> _EXERCISE GOAL_:
Once you reach the line with "Nástěnné TV skříňky" below, copy each line exactly, stopping after the line with "Coach Black Toiletry", and skip any pictures.

> _DATASET_:
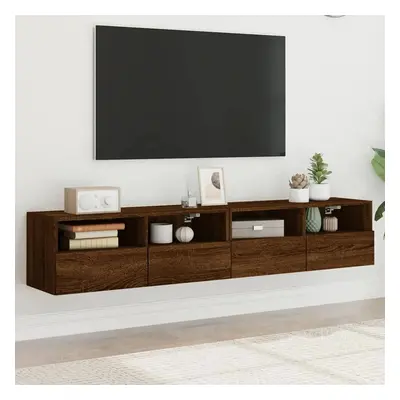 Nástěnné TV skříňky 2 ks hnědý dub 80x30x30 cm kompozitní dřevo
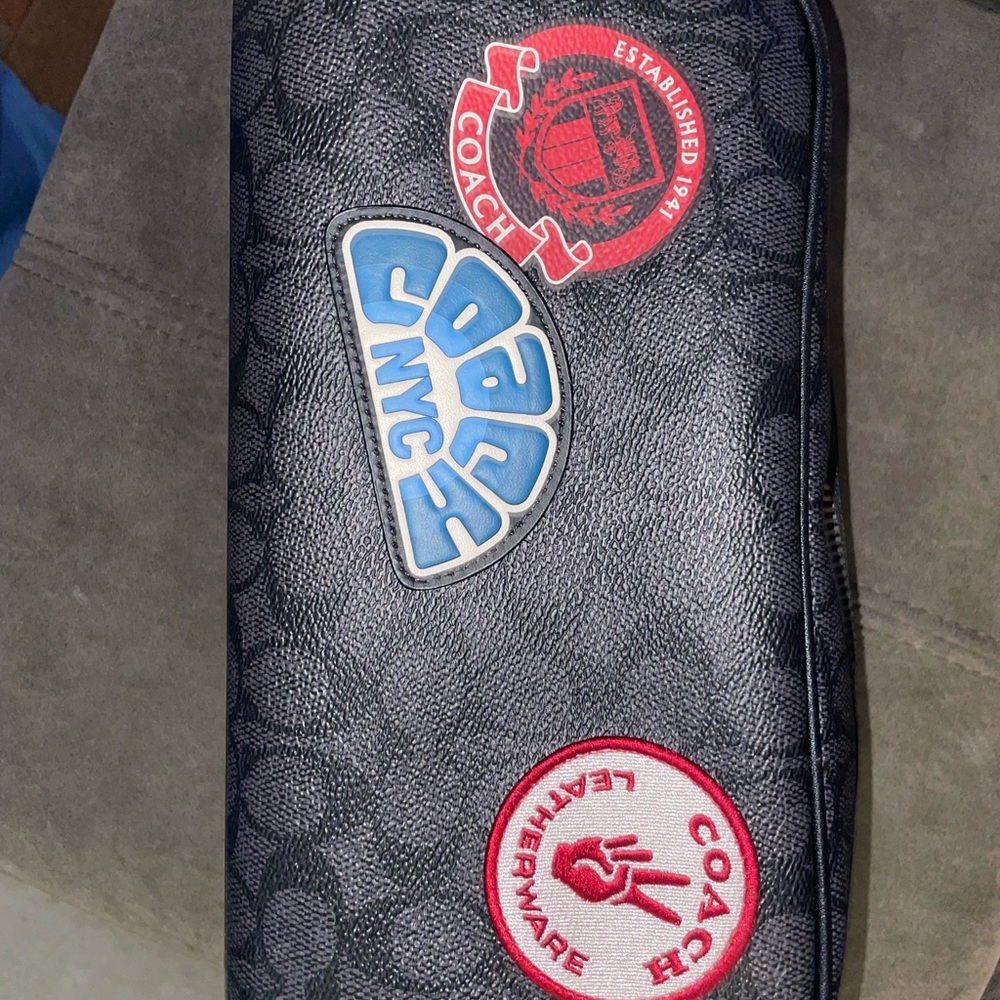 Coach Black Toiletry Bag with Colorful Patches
---
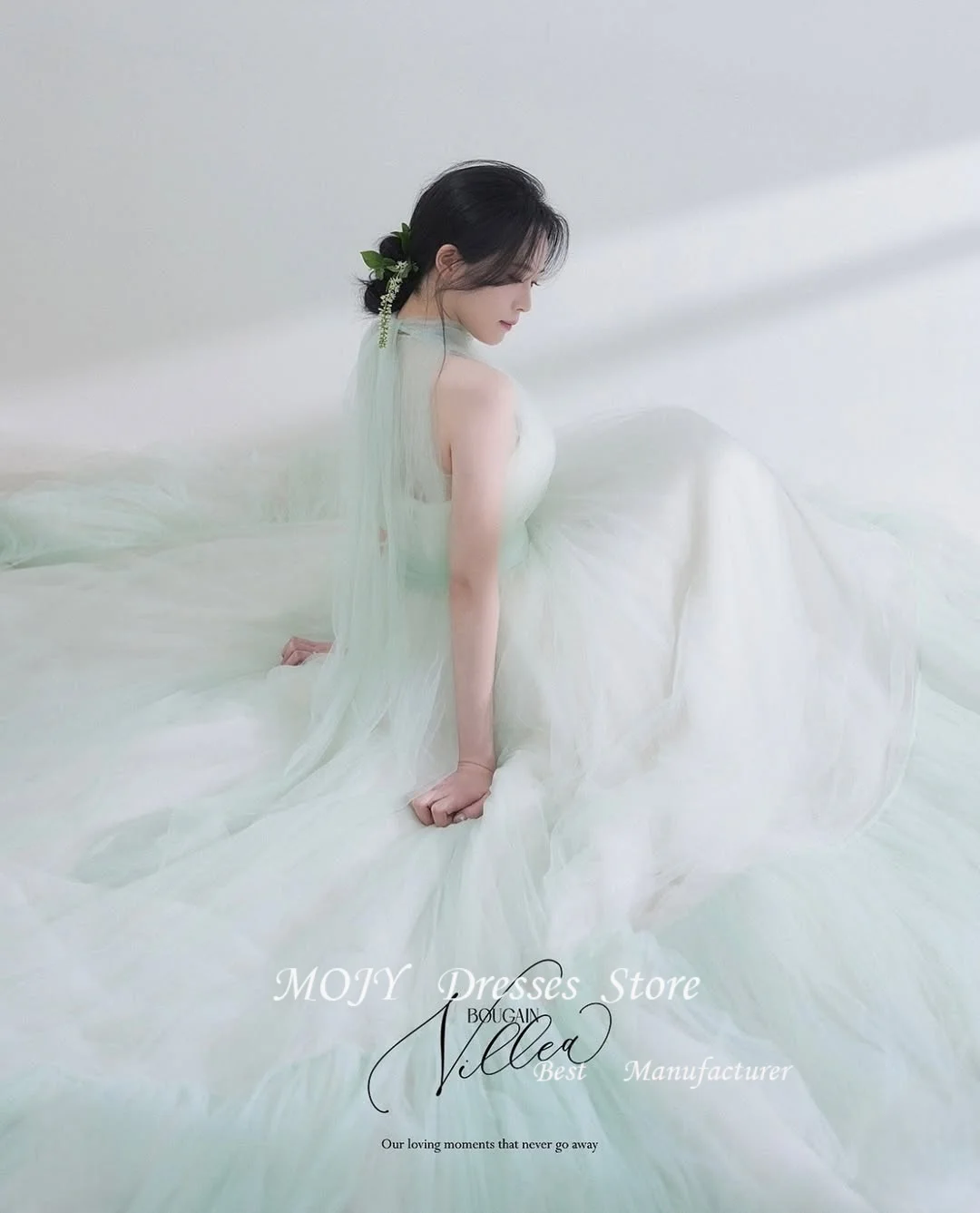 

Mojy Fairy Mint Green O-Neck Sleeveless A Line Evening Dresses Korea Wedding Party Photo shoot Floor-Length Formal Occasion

> _RESPONSE TO THE TASK_:
 Nástěnné TV skříňky 2 ks hnědý dub 80x30x30 cm kompozitní dřevo
 Coach Black Toiletry Bag with Colorful Patches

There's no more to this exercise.